An manchen Stellen ist Headshots ein lauter Film, ein experimenteller Film, ein ernüchternder Film. Selten wird die junge kreative Szene Berlins in einem so dystopischen Licht präsentiert. Dabei lässt es sich der Regisseur nicht nehmen sich selbst an der Trickkiste künstlerisch angehauchter Filmexperimente zu bedienen. Immer wieder wird altes Archivwerbematerial ausgegraben, in der Manier einer phänomenologischen Filmstudie aufgearbeitet und in Zeitlupe vor- und zurückgespielt, in seine Einzelbilder zerlegt und akustisch verzerrt.

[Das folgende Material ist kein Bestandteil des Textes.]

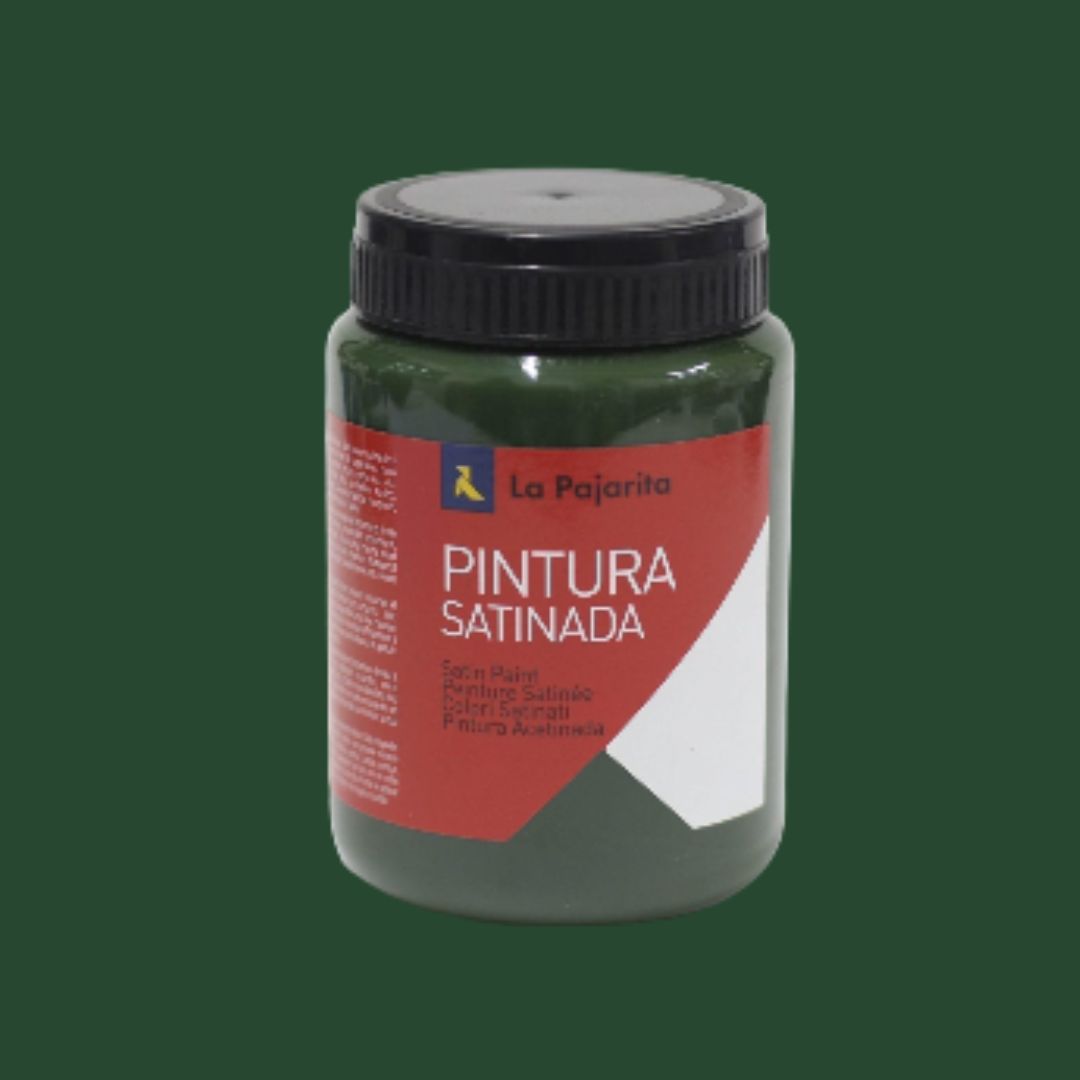 pintura setinada verde pino la pajarita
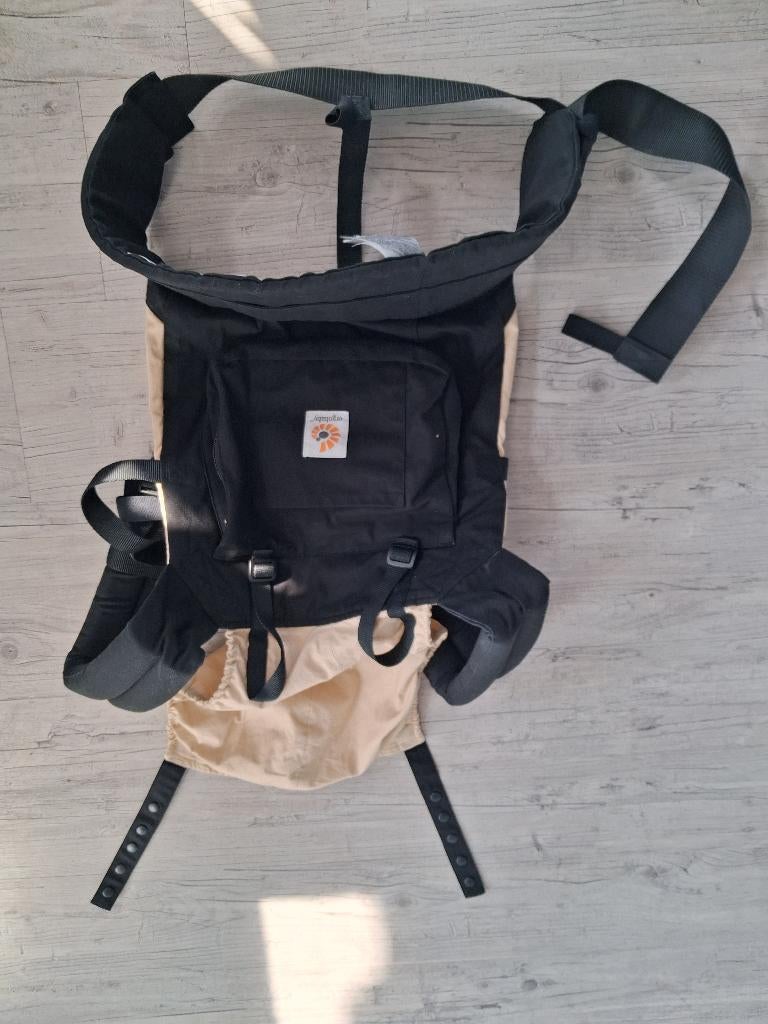 ergobaby draagzak original bundle of joy black & camel, Kinderen en Baby's, Ophalen of Verzenden, Zo goed als nieuw, Draagzak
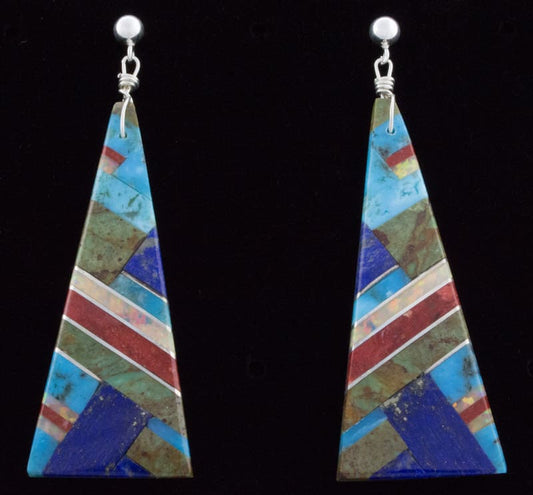 Multi-Stone Inlay Earrings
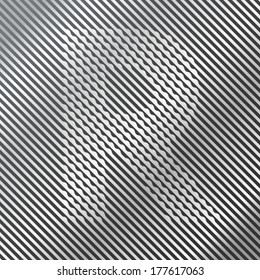 Optical illusion letter R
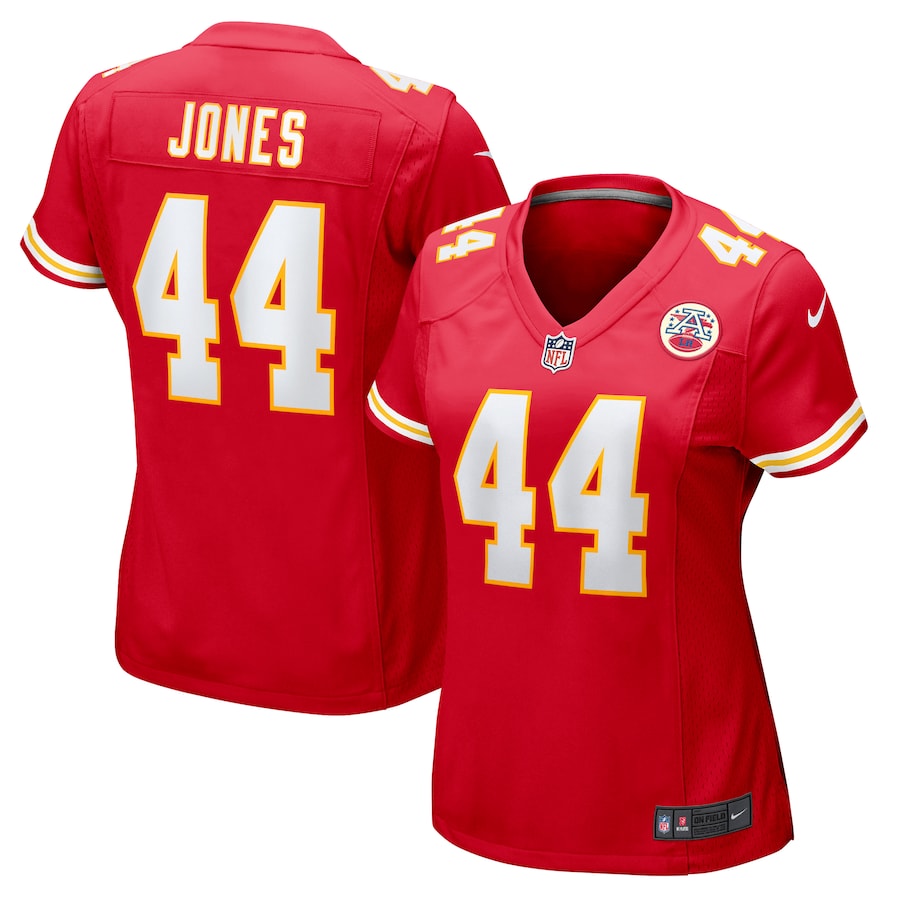 Women's Kansas City Chiefs Cam Jones Nike Red Game Jersey - Puhuasuan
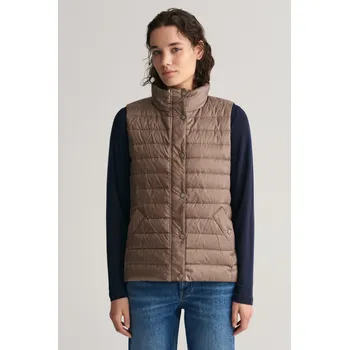 Dámská vesta VESTA GANT LIGHT DOWN VEST DESERT BROWN
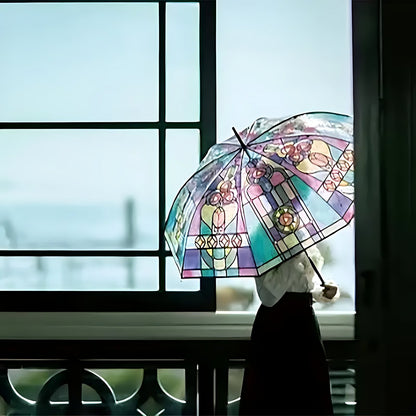 🔥Hot Sale 49% OFF -Vintage Stained Glass Automatic Umbrella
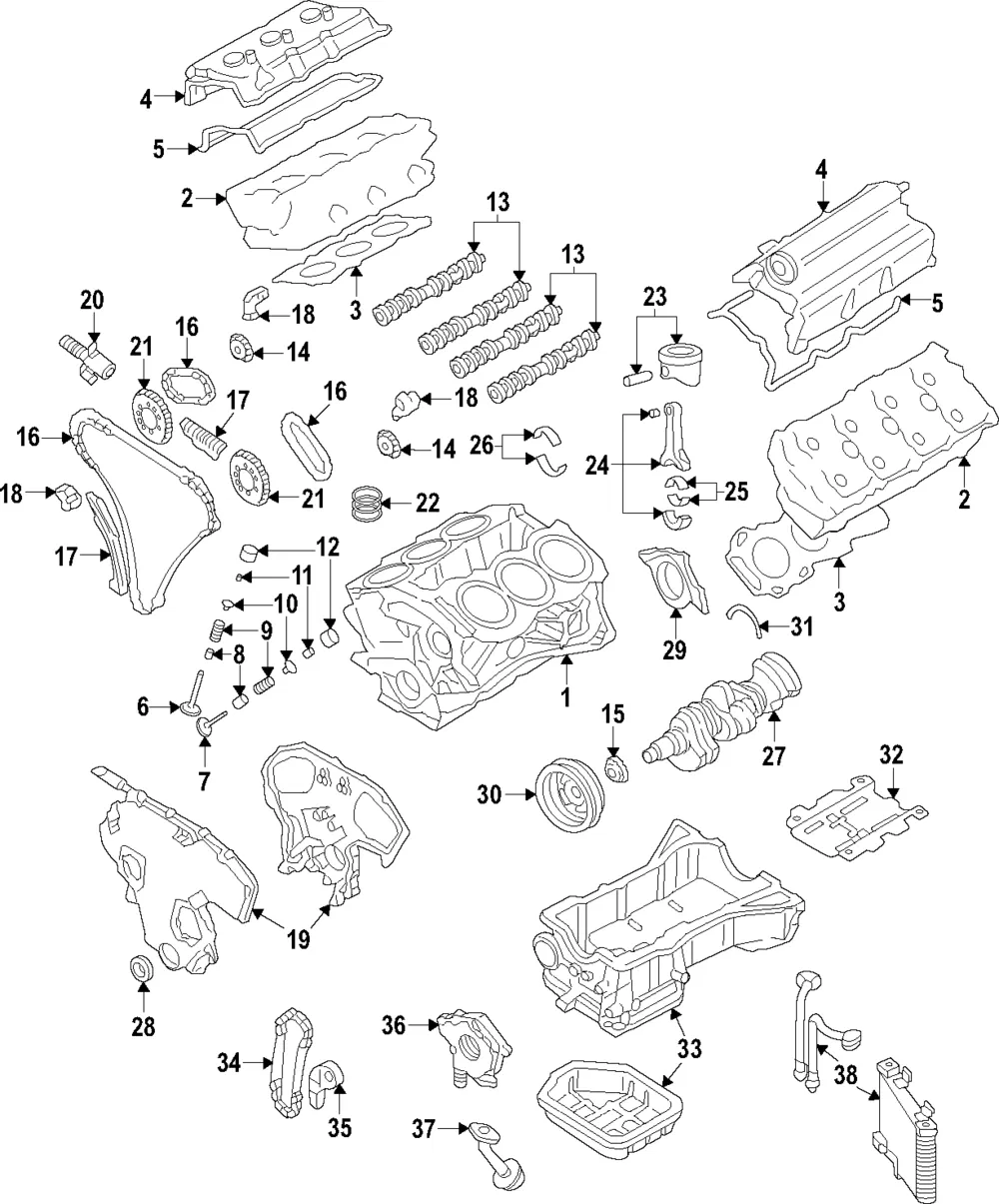 Valve Springs - Nissan (13203-6HV0C)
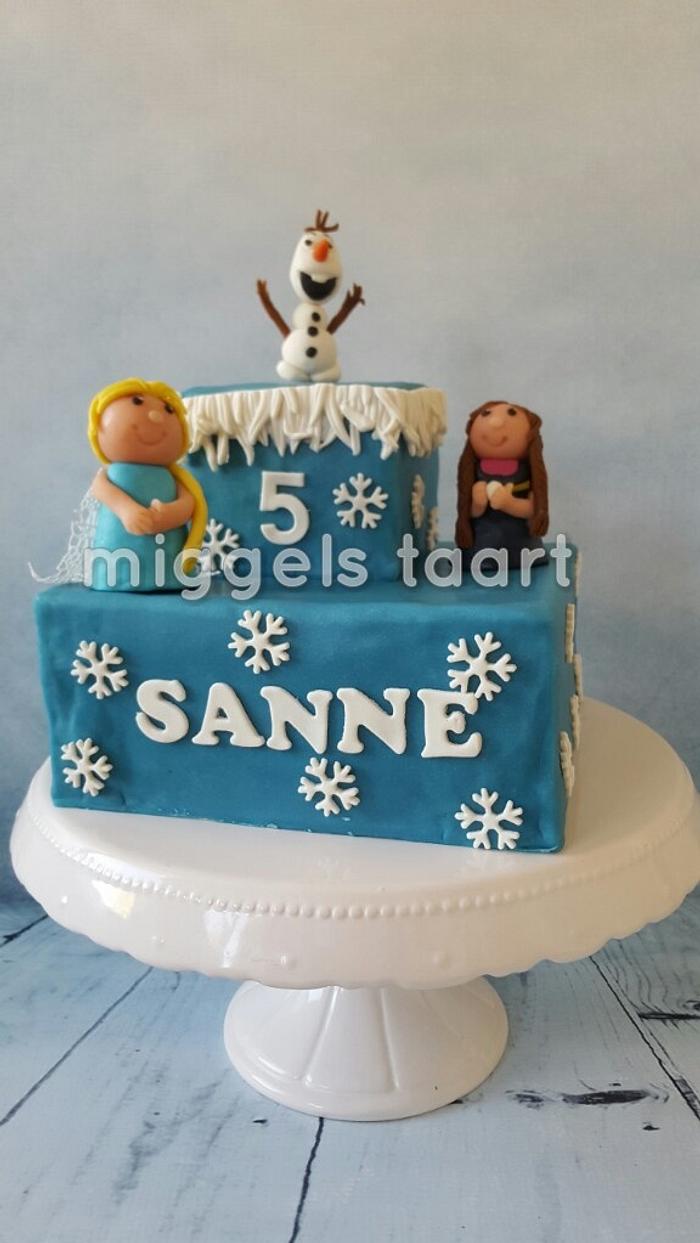 frozen cake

Ungewöhnlich für einen Spielfilm, doch ein interessanter, wenn auch etwas orientierungsloser, Versuch die verschieden Seelenzustände Mariannes visuell umzusetzen.

Alles in allem reiht sich Headshots in eine lange Reihe deutschsprachiger Produktionen ein, die ein großes Potential in sich bergen und sich nicht davor scheuen die ästhetischen Möglichkeiten des Mediums auszuloten. Den Geschmack einer breiten Publikumsschicht kann Headshots nicht treffen. Die teils einfallsreichen Inszenierungsstrategien können nicht über das schwache Drehbuch hinweg täuschen und da der Film sich weder auf eine ästhetische noch auf eine inhaltliche Seite konzentriert, bleibt er in der Schwebe, ist weder Apfel noch Orange, und verliert dadurch seine Anziehungskraft. Nichts desto trotz ist Headshots ein ehrlicher Versuch das Spiel mit dem Medium voran zu treiben und verlangt nach Aufmerksamkeit nicht zuletzt um eine vielfältige Filmlandschaft zu fördern.

Fazit:
Lawrence Tooley liefert mit seinem Spielfilmdebüt Headshots ein eindringliches Portrait einer gebeutelten Mittdreißigerin, die sinnbildlich für eine ganze Gesellschaftsschicht junger kreativer Menschen steht. Von der schillernden Anziehungskraft der Kunst- und Modewelt ist nicht mehr viel übrig geblieben und die anekdotenhaften Szenen zeichnen ein ernüchterndes Bild eines zerstörerischen Lebensstils. Denn nicht alles ist Gold was glänzt. Kratzt man die schnörkellose Oberfläche an, kommt die emotionale Distanz, die Zerbrechlichkeit einer ungefestigten Liebe, die individuelle Isolation, das Abtriften von der Wirklichkeit und das Verdrängen unmittelbarer Probleme zum Vorschein. Die entstandenen Kratzer beginnen jedoch dort zu rosten, wo Tooleys Argumentation in die Charakterentwicklung mündet, da es seine Protagonistin nicht schafft ihrerseits unter die Oberfläche zu tauchen.